* **YOUR GOAL**
Your answer must be exactly the lines from the one containing "売地　茅ヶ崎市高田4丁目の外観" through the end of the material, both ends included, without pictures.

* **RECORD EXTRACTS**
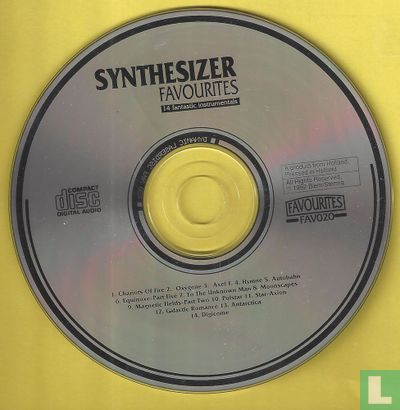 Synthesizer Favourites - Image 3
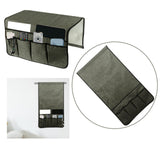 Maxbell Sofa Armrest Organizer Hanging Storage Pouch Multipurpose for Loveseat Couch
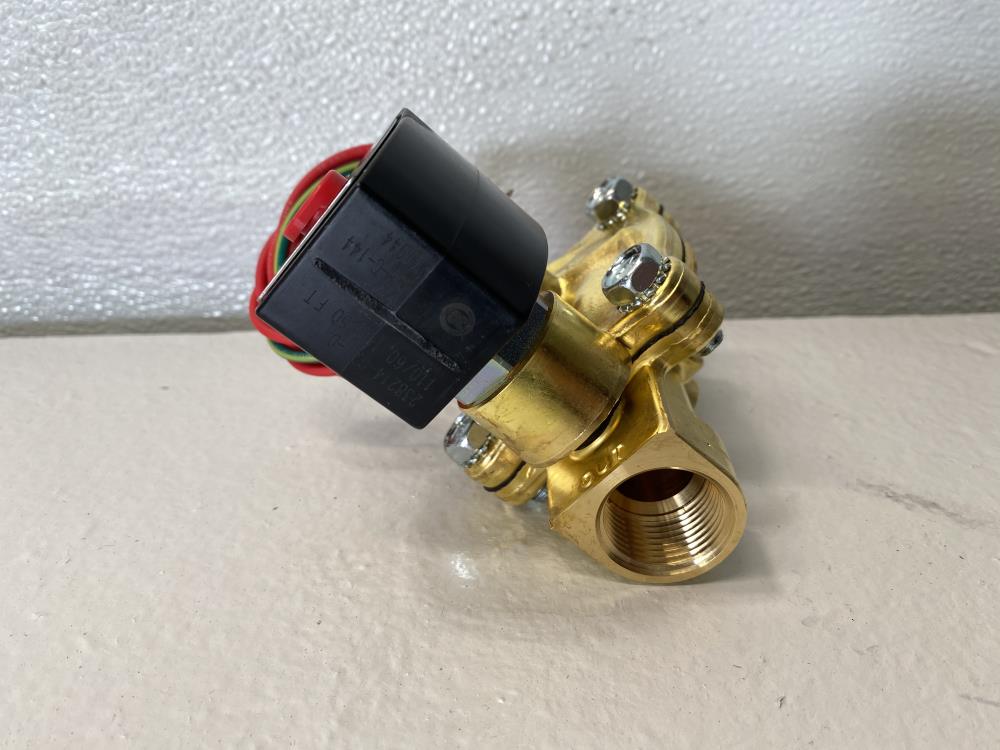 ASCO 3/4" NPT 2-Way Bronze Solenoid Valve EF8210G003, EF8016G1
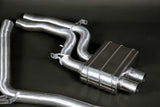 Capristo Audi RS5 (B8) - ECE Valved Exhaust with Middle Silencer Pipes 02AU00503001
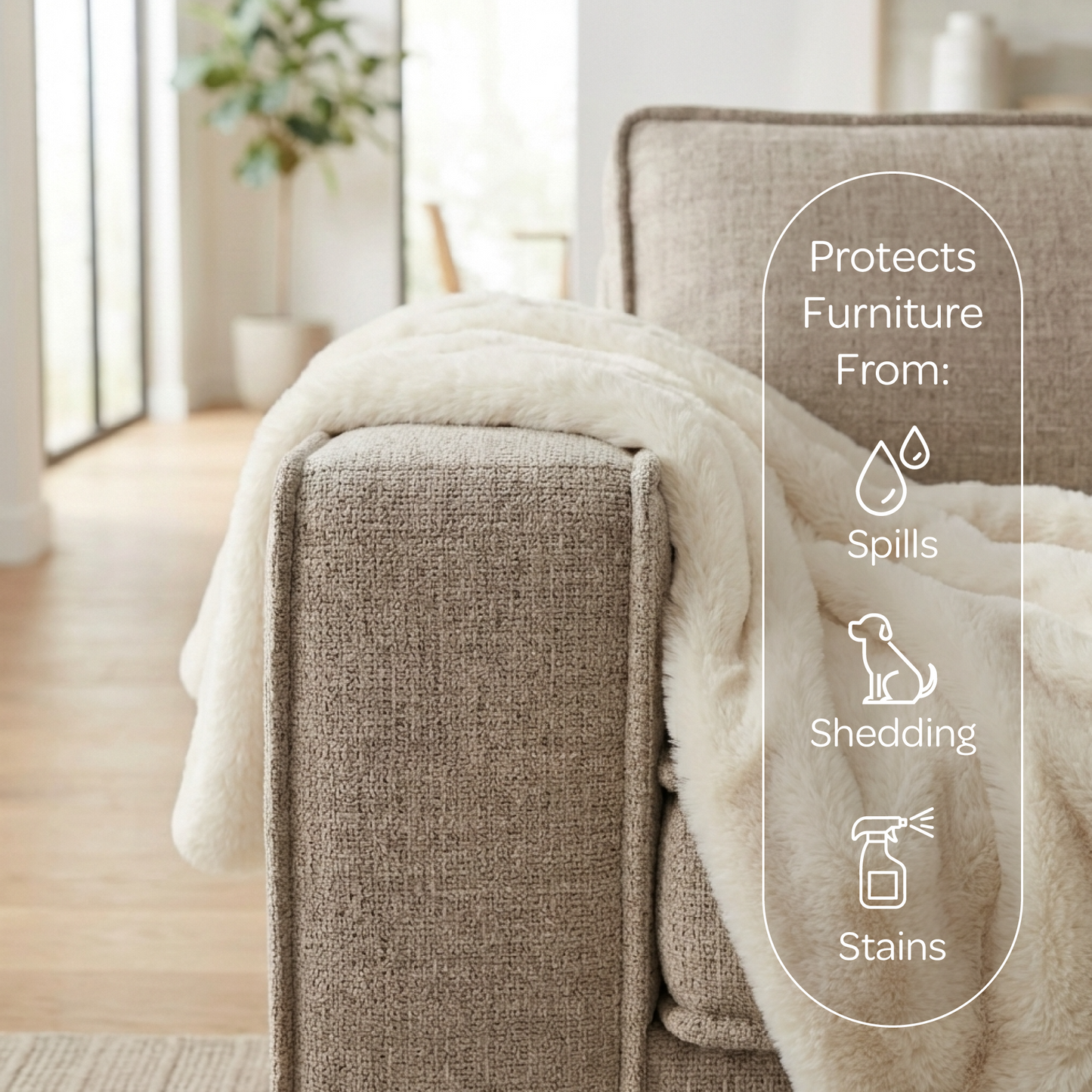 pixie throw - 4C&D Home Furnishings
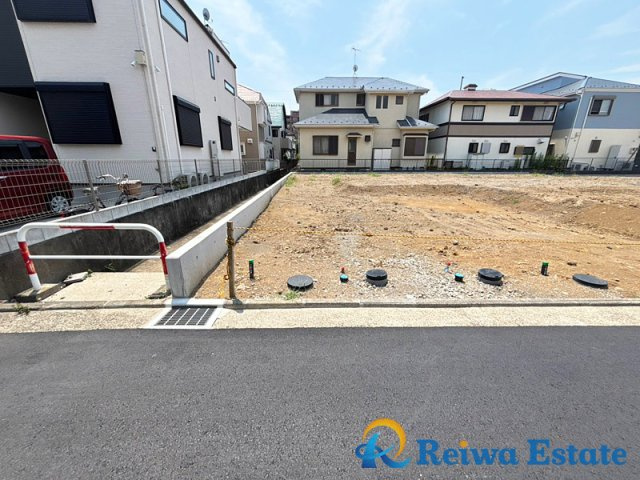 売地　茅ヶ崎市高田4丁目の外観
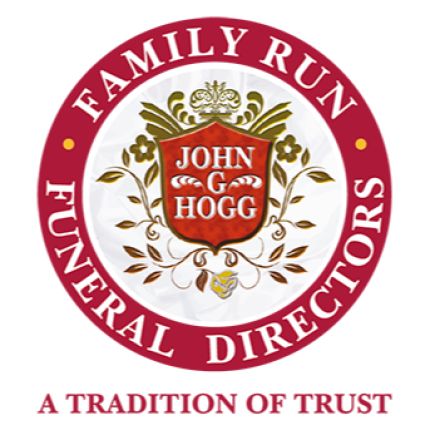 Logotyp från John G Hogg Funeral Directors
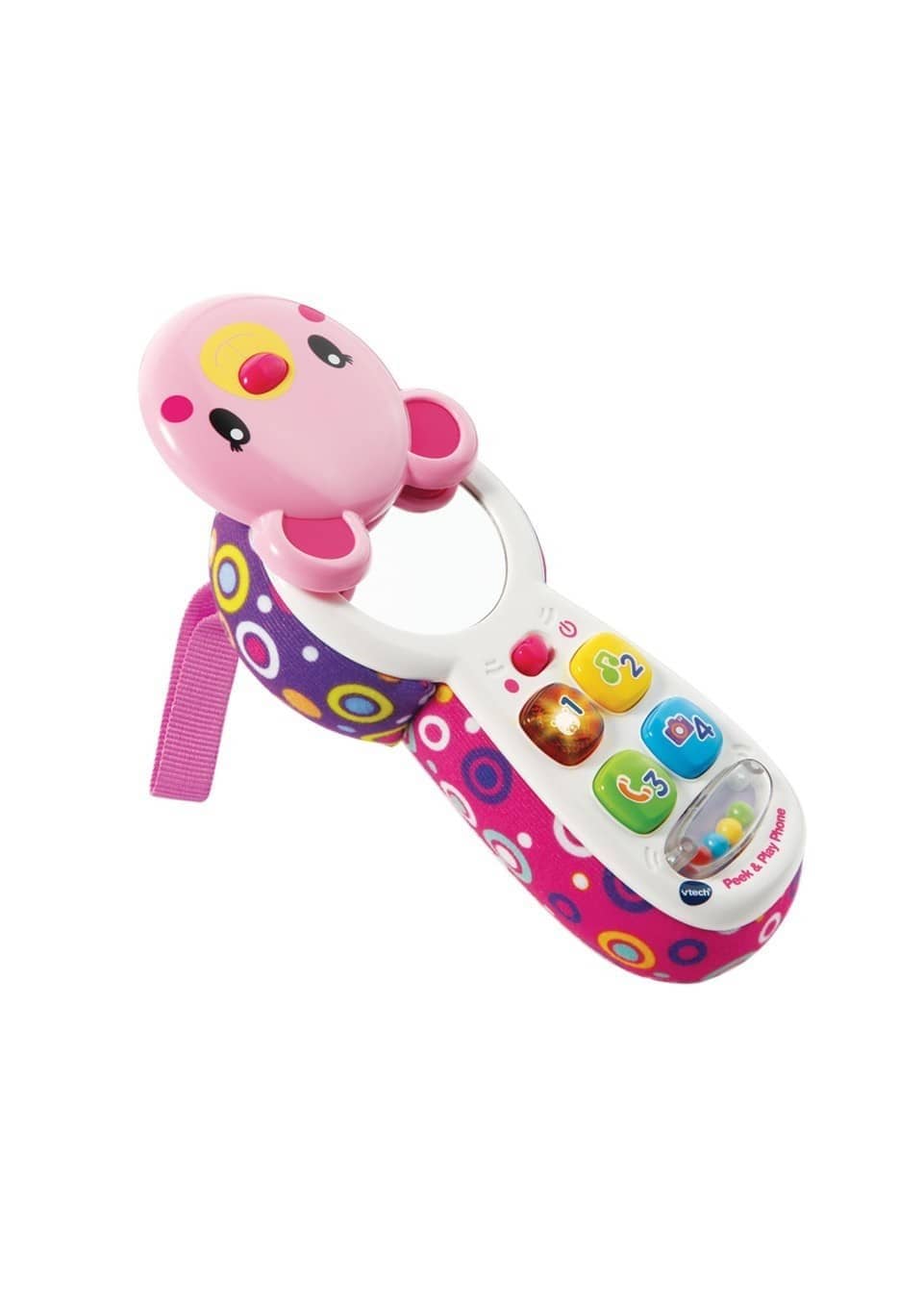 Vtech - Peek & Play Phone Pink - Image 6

* **SOLUTION**
 売地　茅ヶ崎市高田4丁目の外観
 Logotyp från John G Hogg Funeral Directors
 Vtech - Peek & Play Phone Pink - Image 6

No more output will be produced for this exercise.